Four planets appear in the dawn sky outlining the morning ecliptic.
This morning, October 20, I was able to capture four planets in the morning sky, arrayed along the ecliptic.
From bottom to top they are: Mercury (just past its point of greatest elongation from the Sun), dim Mars, bright Jupiter, and very bright Venus (just 6 days away from its point of greatest elongation from the Sun). Above Venus is Regulus, in Leo.
I’ve added in the labels and the line of the ecliptic, rising steeply out of the east in the autumn dawn sky.
Of course, there is a fifth unlabelled planet in the scene, quite close in the foreground.
The image below is an unlabeled version.
Mercury will be disappearing from view very quickly now as it drops back down toward the Sun.
But over the next week the three higher planets will converge into a tight triangle just 4.5 degrees apart. We won’t see these three planets this close together in a darkened sky until November 2111.
For more information on this week’s dawn sky planet dance see my previous blog entry.

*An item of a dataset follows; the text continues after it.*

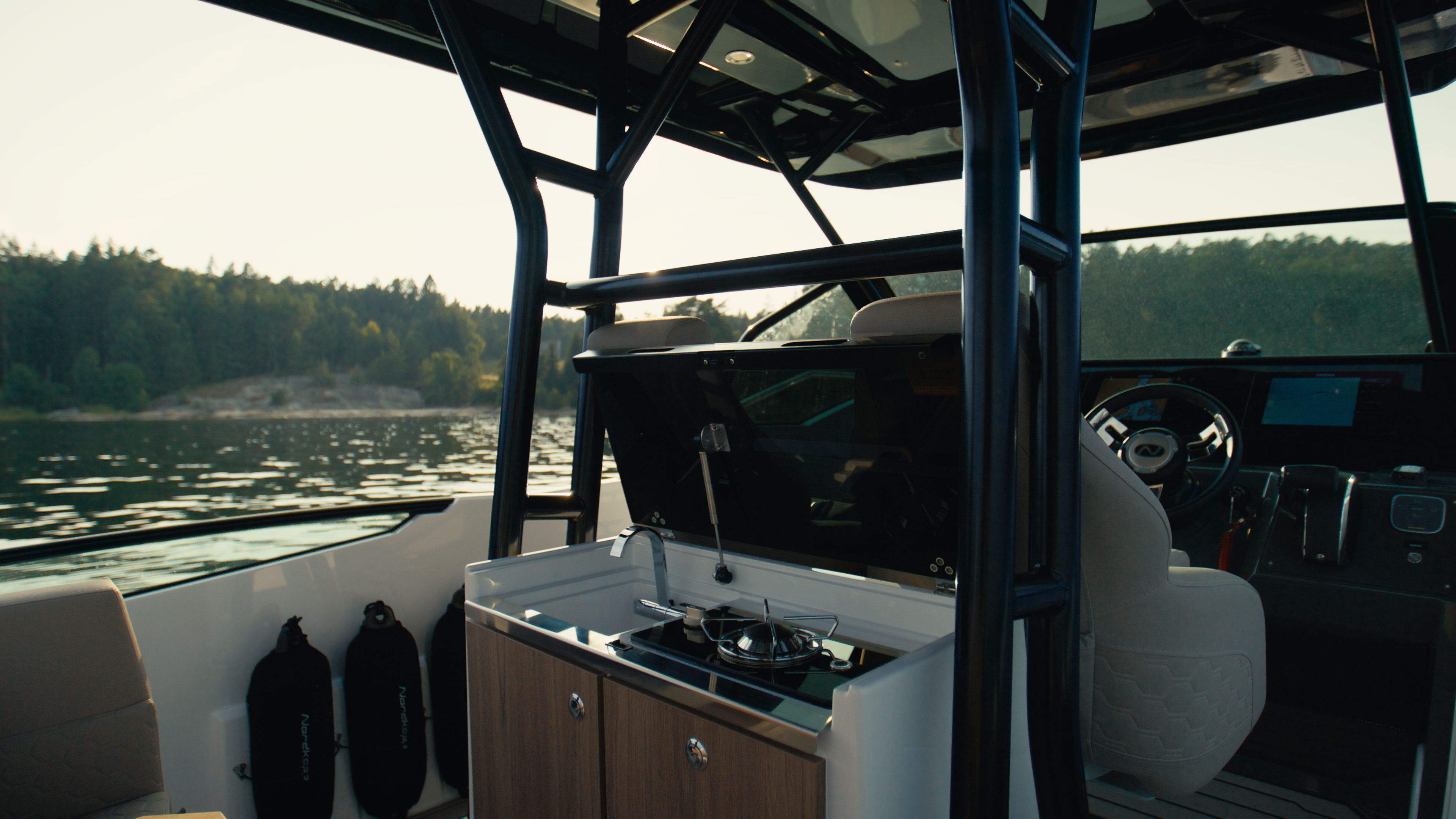 E830 Day Trip Features 10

I shot the scene from home in southern Alberta. The image is a composite stack, with manually created masks (not an HDR stack), of 5 exposures, from 15 seconds to 1 second, to contain the range of brightness from the bright horizon to the dimmer star-filled sky higher up. All are with the 35mm lens and Canon 6D at ISO 800.
— Alan, October 20, 2015 / © 2015 Alan Dyer / www.amazingsky.com
3 Replies to “Four Planets Along the Morning Ecliptic”
Is the masking technique you used on this covered in your book? Also, though the metadata you listed indicates f2.8, am I correct in assuming at least the one of 5 shots used to assemble this, the one containing Venus, was shot at a much smaller aperture (given the starlike effect)?
Hi – no, all shots were at f/2.8 – that’s enough with the f1.4 lens I used to add diffraction spikes off the diaphragm aperture. And masking is included in the book’s tutorials but in this case it’s pretty easy – just create a mask and paint the mask with a soft big black brush to hide the bright areas in the long exposure images.